How we think about decision making says a lot about who we think people are, and what we should value about them.
Some lessons from the Augustinians and Benedictines.
What Matters Is Not Your Decision-Making Paradigm
After my review of David Fitch’s new volume, Chris Smith of the Englewood Review of Books invited the two of us to come on the podcast to continue the conversation. It was an fun opportunity, but I don’t think we came any closer on how we view power dynamics.
The basic criticism in my review was that consensus, which Fitch points to as an alternative, is no silver bullet when it comes to handling power. But in reflecting on it more, I think the deeper issue is not just a matter of what kind of agency we have or what kind of decision making processes we have, but how agency indicates the kind of personhood we think matters.
In putting forth consensus, Fitch proposes to enact a “power under”, a more humble kind of process in church life. But I think this does more work than he intends. In doubling down on consensus, we are saying that what matters about choice is not what we choose, but how and that we choose. I don’t think this is an overstatement, in that consensus proceeds from a posture of epistemic equality—the table matters and everyone at the table’s voice matters.

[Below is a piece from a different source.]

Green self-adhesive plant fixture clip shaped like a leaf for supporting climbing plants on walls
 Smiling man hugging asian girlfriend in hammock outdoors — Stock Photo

This is an important thing to stay with, because the distinction between “power over” and “power under” turns on this very distinction. “Power over” doesn’t hold to the same premise as “power under” with respect to the equivalence of desires at the table.
With “power over”, one person has a very distinct vision of direction, but works to coerce people into that vision. With “power under”, though, what matters is that people choose, but what’s left off here is whether it matters that their agreement is any good. This isn’t to say that the visionary is always correct, or that hierarchy of decision can’t go wrong, but just that the presumption of consensus is that to be able to choose is to be valued in a way hierarchies don’t.
Consensus works by aligning the wills of all involved into one decision. Many agendas are brought into a singular one, one which no one involved could see in advance. All involved sublate their wills into a single will, even if the decision winds up being something like the Abilene paradox. So far, not great, but not bad.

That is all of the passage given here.